#### PROVIDED MATERIAL:
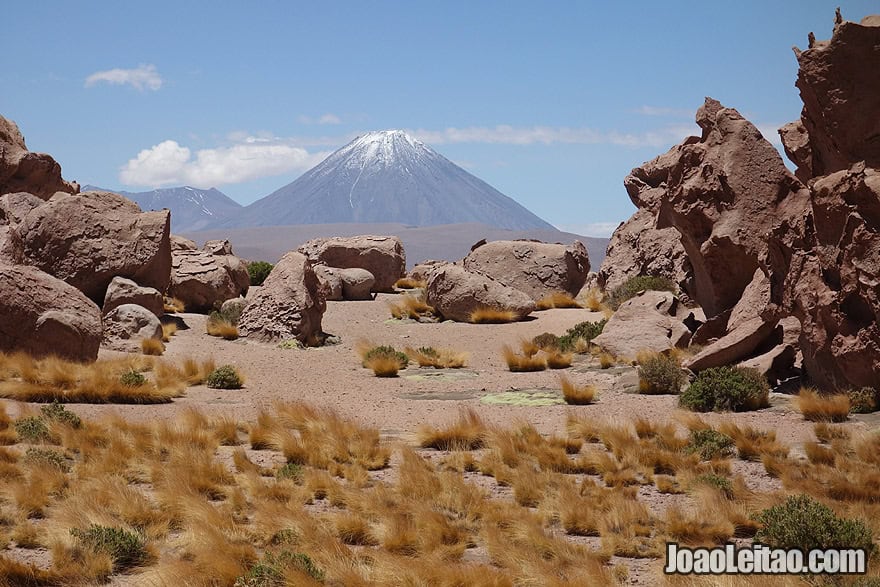 Rocks and Volcano view in Atacama Desert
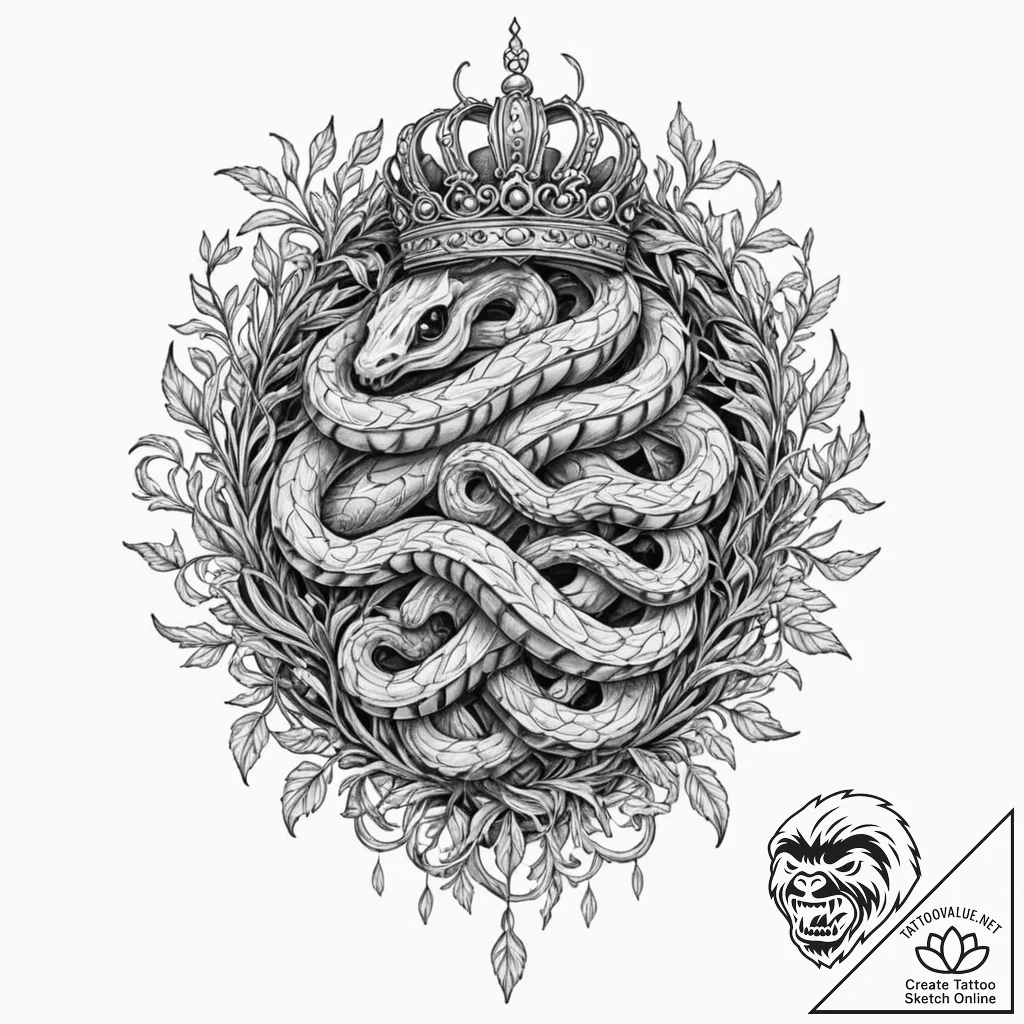 Nest of serpents devouring crown, tattoo sket... - tattoo sketch (№1753573633_0, 26.07.2025 23:47) — tattoovalue.net
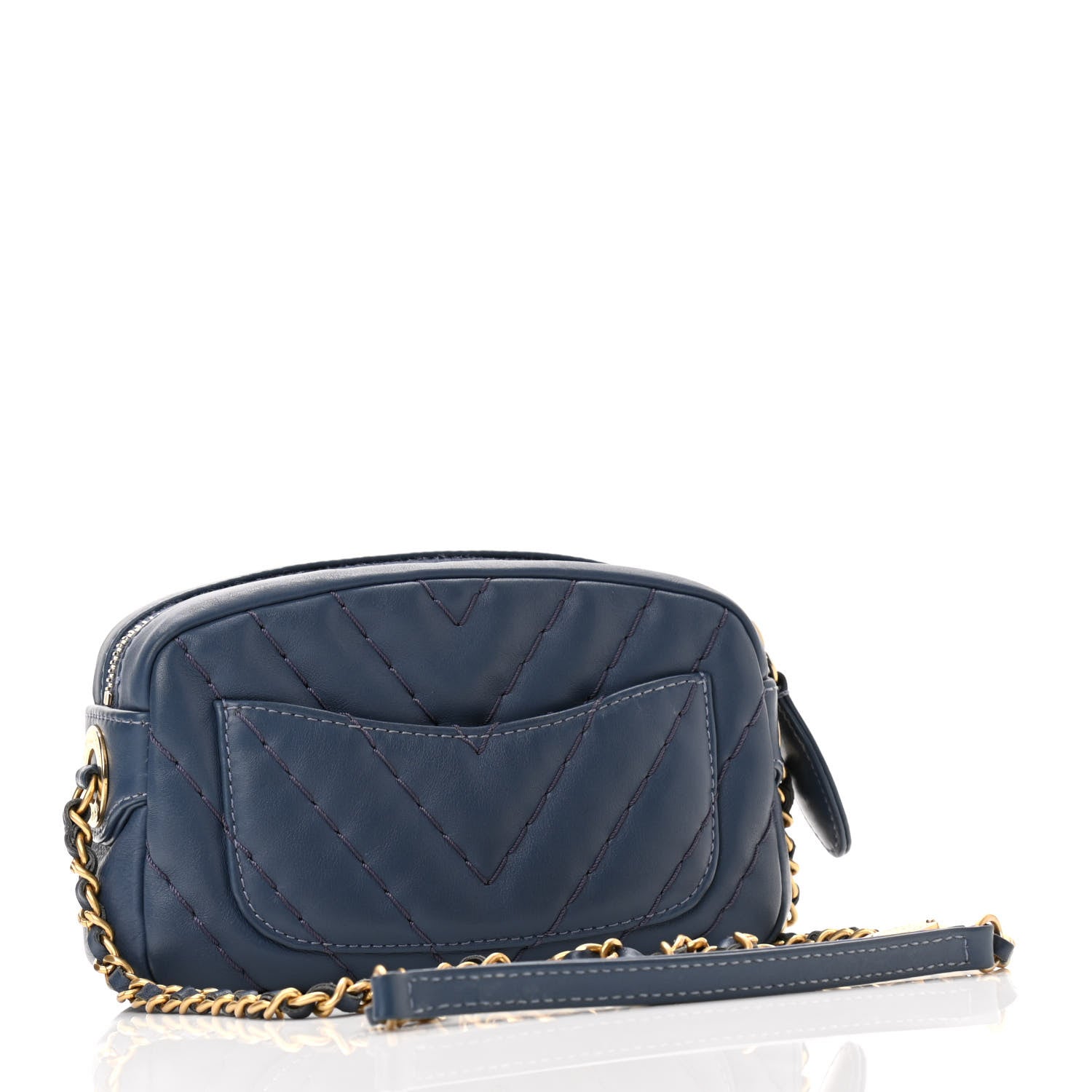 Chanel Calfskin Chevron Quilted Surpique Camera Case Blue 2 of 10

#### WHAT THE TASK ASKS:
Could you print the listing above exactly, without the pictures?

#### SOLUTION TO THIS TASK:
 Rocks and Volcano view in Atacama Desert
 Nest of serpents devouring crown, tattoo sket... - tattoo sketch (№1753573633_0, 26.07.2025 23:47) — tattoovalue.net
 Chanel Calfskin Chevron Quilted Surpique Camera Case Blue 2 of 10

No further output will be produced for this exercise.